In my opinion: Of primary importance is getting well matched drivers connected with a well designed crossover that takes into account the diffraction and baffle step. Next in importance is low diffraction in the horizontal plane and a smooth, uniform off axis response. Only after getting all of these factors right will the differences in cabinet rigidity and structural damping matter.
On the other hand, it is very difficult to predict how much bracing or damping will be needed to make the cabinet inaudible. Bracing is cheap and easy when the box is being constructed, but it is difficult to add after the system is fully assembled. So it is perhaps better to err on the side of "more is better" while the box is being built.
In my opinion: Of primary importance is getting well matched drivers connected with a well designed crossover that takes into account the diffraction and baffle step. Next in importance is low diffraction in the horizontal plane and a smooth, uniform off axis response. Only after getting all of these factors right will the differences in cabinet rigidity and structural damping matter.
On the other hand, it is very difficult to predict how much bracing or damping will be needed to make the cabinet inaudible. Bracing is cheap and easy when the box is being constructed, but it is difficult to add after the system is fully assembled. So it is perhaps better to err on the side of "more is better" while the box is being built.
Cheap (or free) Finite Element Modelling software is not the hurdle. A valid FEM is difficult to construct. Most FEMs are optimized for strength and stiffness analysis. Modelling structural resonance is an added level of complexity.
Most enclosure design is focused on minimizing the effects of structural resonance. It is complicated because there are six walls in a box, and they mutually couple. Cabinet stiffening can transform the six cabinet walls into many more virtual surfaces.
Anyone who claims that this is simple engineering or basic physics is blowing smoke. It is very difficult to model and simulate. The fixity of the edges are difficult to predict, and the effectiveness of the bracing is hard to know. Are the cabinet walls under pre-load (clamped during glue-up)? What is the effectiveness of the adhesive bond line (i.e. how stiff is the adhesive)? How much internal damping is there in the cabinet walls? All in all, a tough modelling problem.
It has been shown that the effectiveness of bracing to stiffen a panel varies with the stiffness of the braces themselves (link). This is especially true as you increase the number of braces too. Tying braces together will increase their stiffness so that seems like the correct solution.
If the purpose of bracing is to stiffen the cabinet panels and thereby raise their primary resonant frequencies where their is less energy in music to excite them, another way to look at the problem is to ask what is the minimum subpanel primary resonant frequency you want to achieve?

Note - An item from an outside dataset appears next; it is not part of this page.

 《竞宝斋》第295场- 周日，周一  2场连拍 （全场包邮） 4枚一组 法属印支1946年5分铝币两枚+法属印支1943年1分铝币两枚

Using the formula for panel resonances with the panels supported on all 4 sides (meaning full on window braces) that diyAudio lists here as a simplistic rough ballpark guide, I come up with the following results for quality 3/4" plywood:
16" x 5" = 1955Hz
14" x 8" = 923Hz
8" x 5" = 2477Hz
14" x 4" = 3010Hz
5" x 4" = 4564Hz
Again, ballpark figures not expected to be exact since cabinet resonant behavior is much more complex than can be summarized with this relatively simple equation but the formula has shown excellent consistency with the panel resonant frequencies that augerpro has been measuring in his experiments in this thread - A Monster Construction Methods Shootout Thread.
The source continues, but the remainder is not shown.